Now we can focus on these standard filter classes in some detail. Some filters such as AllHostsFilter and NumInstancesFilter are relatively simple and can be understood from the code. For example, NumInstancesFilter has the following implementation:

class NumInstancesFilter(filters.BaseHostFilter):
    """Filter out hosts with too many instances."""

    def _get_max_instances_per_host(self, host_state, spec_obj):
        return CONF.filter_scheduler.max_instances_per_host

    def host_passes(self, host_state, spec_obj):
        num_instances = host_state.num_instances
        max_instances = self._get_max_instances_per_host(host_state, spec_obj)
        passes = num_instances < max_instances
        return passes

Here filter_scheduler.max_instances_per_host means the maximum number of instances that can be on a host.

The AvailabilityZoneFilter looks at the availability zone of compute node and availability zone from the properties of the request. Each compute service has its own availability zone. So deployment engineers have an option to run scheduler with availability zones support and can configure availability zones on each compute host. This class’s method host_passes returns True if availability zone mentioned in request is the same on the current compute host.

The ImagePropertiesFilter filters hosts based on the architecture, hypervisor type and virtual machine mode specified in the instance. For example, an instance might require a host that supports the ARM architecture on a qemu compute host. The ImagePropertiesFilter will only pass hosts that can satisfy this request. These instance properties are populated from properties defined on the instance’s image. E.g. an image can be decorated with these properties using glance image-update img-uuid --property architecture=arm --property hypervisor_type=qemu Only hosts that satisfy these requirements will pass the ImagePropertiesFilter.

ComputeCapabilitiesFilter checks if the host satisfies any extra_specs specified on the instance type. The extra_specs can contain key/value pairs. The key for the filter is either non-scope format (i.e. no : contained), or scope format in capabilities scope (i.e. capabilities:xxx:yyy). One example of capabilities scope is capabilities:cpu_info:features, which will match host’s cpu features capabilities. The ComputeCapabilitiesFilter will only pass hosts whose capabilities satisfy the requested specifications. All hosts are passed if no extra_specs are specified.

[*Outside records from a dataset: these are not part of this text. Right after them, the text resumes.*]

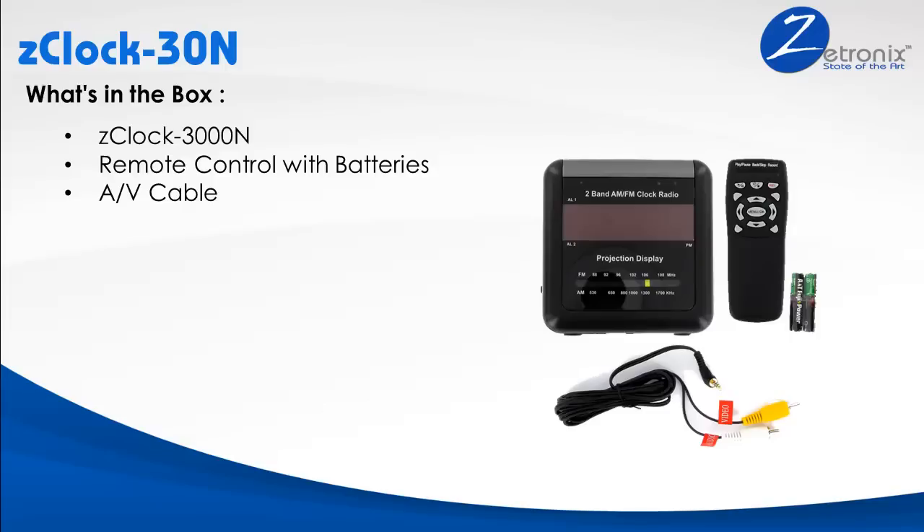Every single Z-Tronics product comes with free lifetime tech support. Call our 800 number and our friendly tech support will help you use the unit and walk you through each step of the way.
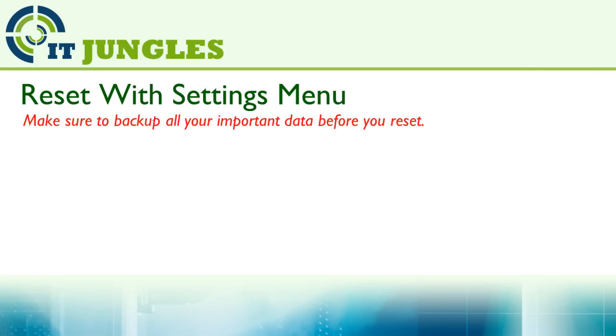You can reset it with the settings menu. Before you proceed to perform a hard reset, make sure that you have backed up all your important data, because once you reset, all your data can be lost — such as your contacts, music files, media files, and other documents. So always make sure you have a backup before resetting.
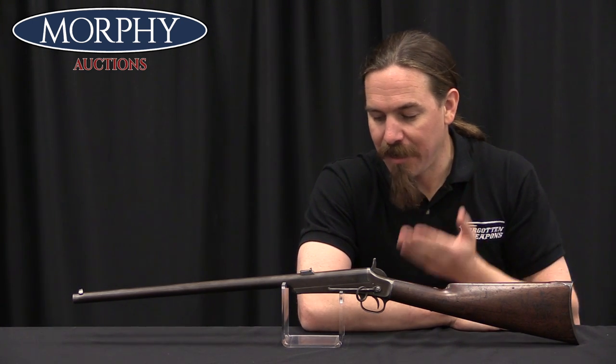Thanks for tuning in to another video on ForgottenWeapons.com. I'm Ian McCollum, and I'm here today at the Morphy Auction House taking a look at one of the guns they are going to be selling in their upcoming April 2019 firearms auction. This is James Paris Lee's first venture into firearms manufacturing. He is best known today as the inventor of the box magazine, as well as a bolt-action system that the British adopted as the short magazine Lee-Enfield, the SMLE.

ComputeFilter is quite simple and passes any host whose compute service is enabled and operational.

Now we are going to IsolatedHostsFilter. There can be some special hosts reserved for specific images. These hosts are called isolated. So the images to run on the isolated hosts are also called isolated. The filter checks if filter_scheduler.isolated_images flag named in instance specifications is the same as the host specified in filter_scheduler.isolated_hosts. Isolated hosts can run non-isolated images if the flag filter_scheduler.restrict_isolated_hosts_to_isolated_images is set to false.

DifferentHostFilter - method host_passes returns True if the host to place an instance on is different from all the hosts used by a set of instances.

SameHostFilter does the opposite to what DifferentHostFilter does. host_passes returns True if the host we want to place an instance on is one of the hosts used by a set of instances.

SimpleCIDRAffinityFilter looks at the subnet mask and investigates if the network address of the current host is in the same sub network as it was defined in the request.

JsonFilter - this filter provides the opportunity to write complicated queries for the hosts capabilities filtering, based on simple JSON-like syntax. There can be used the following operations for the host states properties: =, <, >, in, <=, >=, that can be combined with the following logical operations: not, or, and. For example, the following query can be found in tests:

['and',
    ['>=', '$free_ram_mb', 1024],
    ['>=', '$free_disk_mb', 200 * 1024]
]

This query will filter all hosts with free RAM greater or equal than 1024 MB and at the same time with free disk space greater or equal than 200 GB.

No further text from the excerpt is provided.